Image-caption web data:
####################

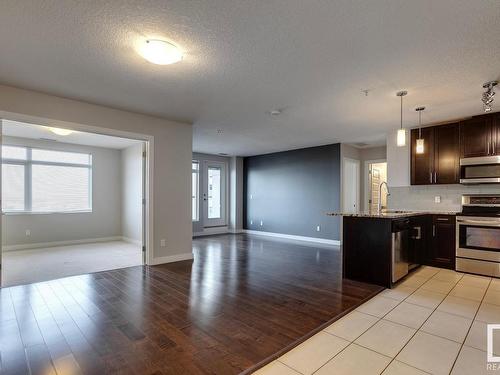 414 5151 Windermere Boulevard, Edmonton, AB - Indoor Photo Showing Kitchen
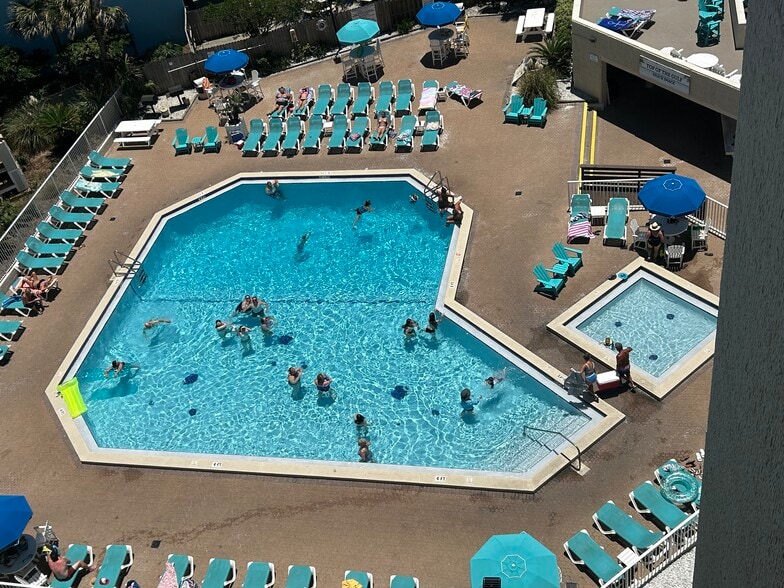 Community Pool - 8817 S Thomas Dr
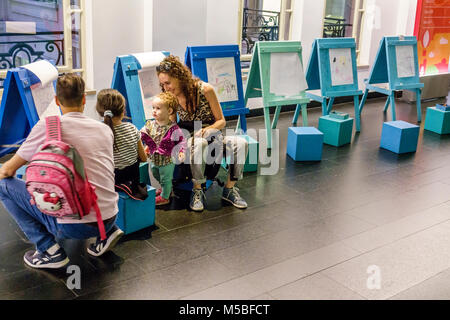 Buenos Aires Argentinien,Centro Cultural Kirchner CCK,Kulturzentrum,innen,Kinder-Aktivität Etage,Zeichnung,Staffeleien,Hispanic,Frau weiblich wom Stockfoto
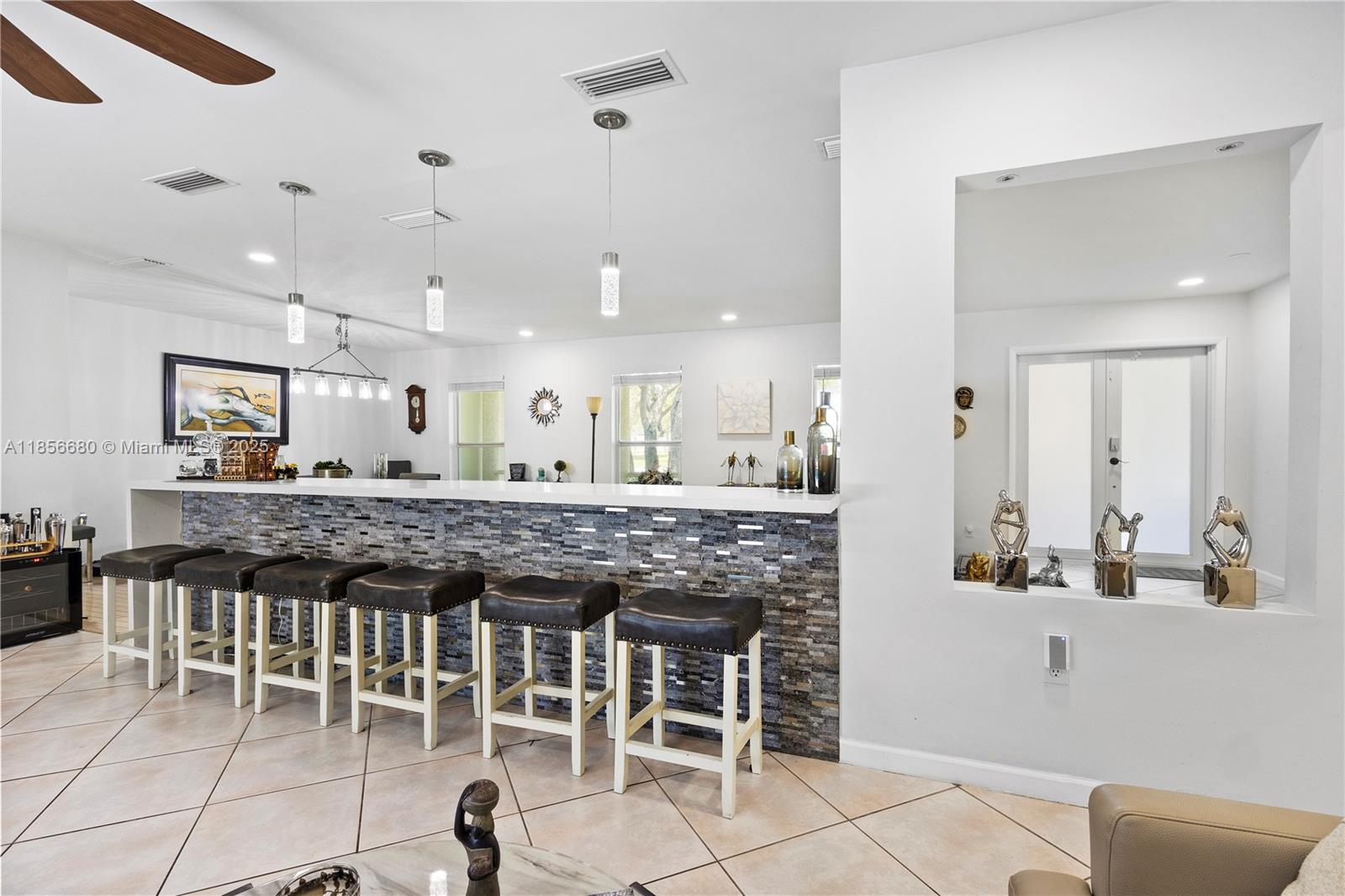 THE OAKS - Residential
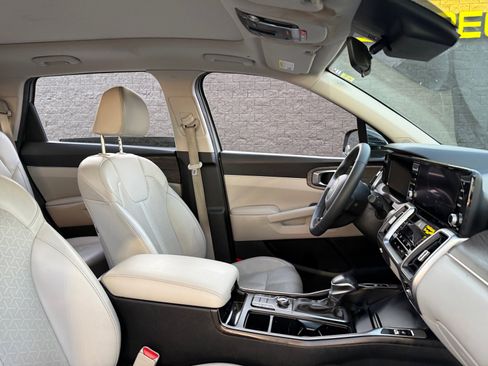Used 2023 Kia Sorento S w/ Panoramic Sunroof Package image 21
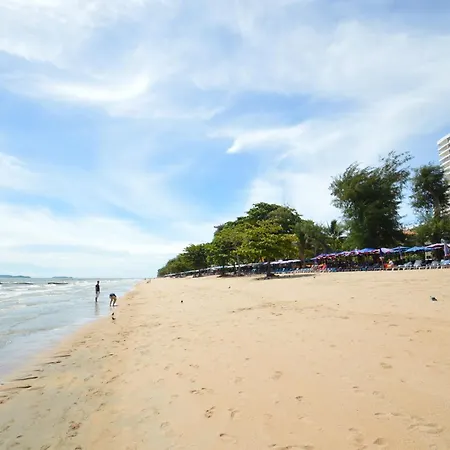 View Talay 7 - Luxury Beachfront & Panoramic Sea View Apartment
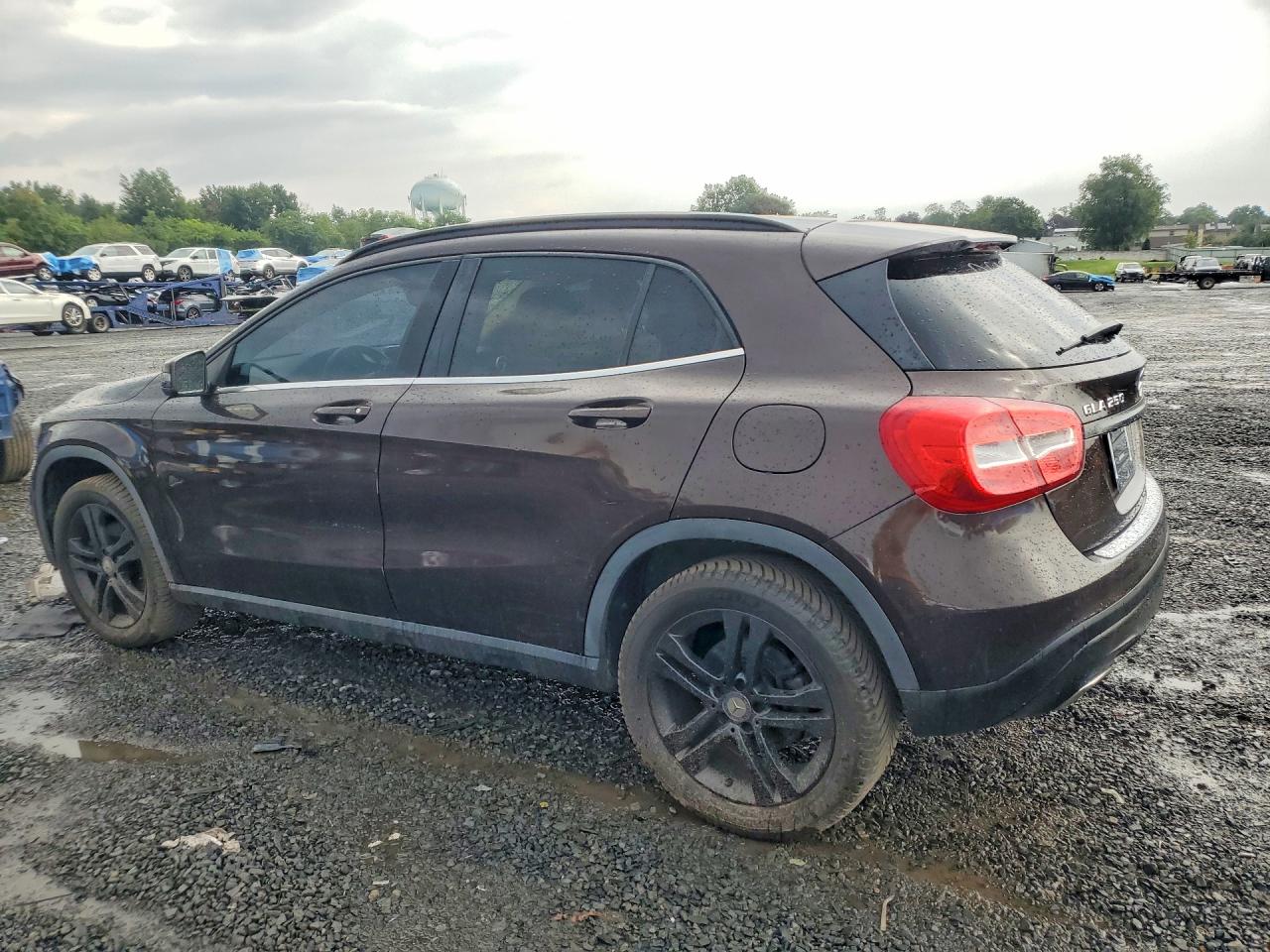 2015 MERCEDES-BENZ GLA 250 4MATIC — снимка 2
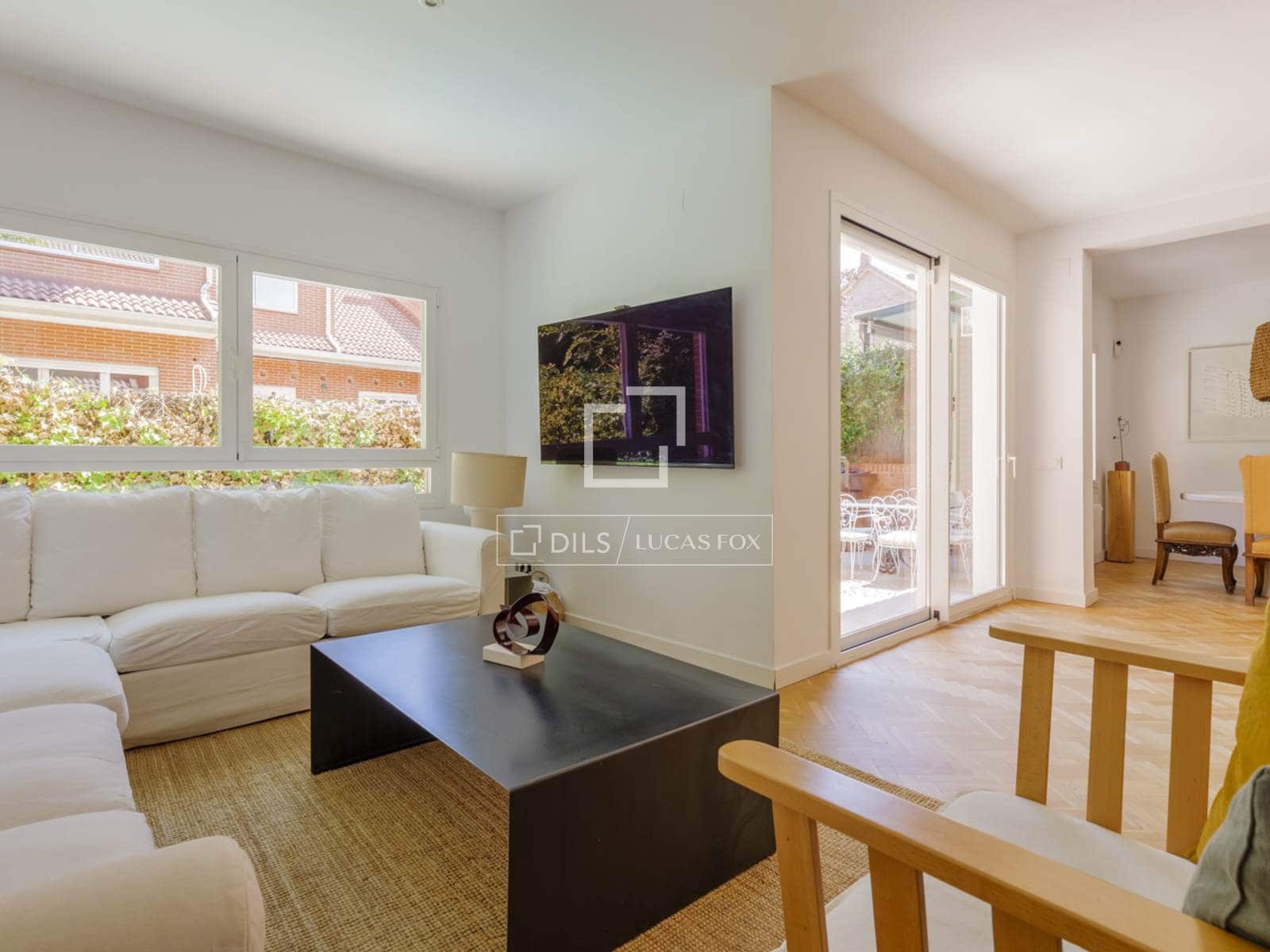 4 sovrum Villa till salu i Madrid stad med pool garage - 1 480 000 € (Ref: 10095456)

####################

Work order: Skip the images and set down the rest of the data unchanged.

Answer to this task:
 414 5151 Windermere Boulevard, Edmonton, AB - Indoor Photo Showing Kitchen
 Community Pool - 8817 S Thomas Dr
 Buenos Aires Argentinien,Centro Cultural Kirchner CCK,Kulturzentrum,innen,Kinder-Aktivität Etage,Zeichnung,Staffeleien,Hispanic,Frau weiblich wom Stockfoto
 THE OAKS - Residential
Used 2023 Kia Sorento S w/ Panoramic Sunroof Package image 21
 View Talay 7 - Luxury Beachfront & Panoramic Sea View Apartment
 2015 MERCEDES-BENZ GLA 250 4MATIC — снимка 2
 4 sovrum Villa till salu i Madrid stad med pool garage - 1 480 000 € (Ref: 10095456)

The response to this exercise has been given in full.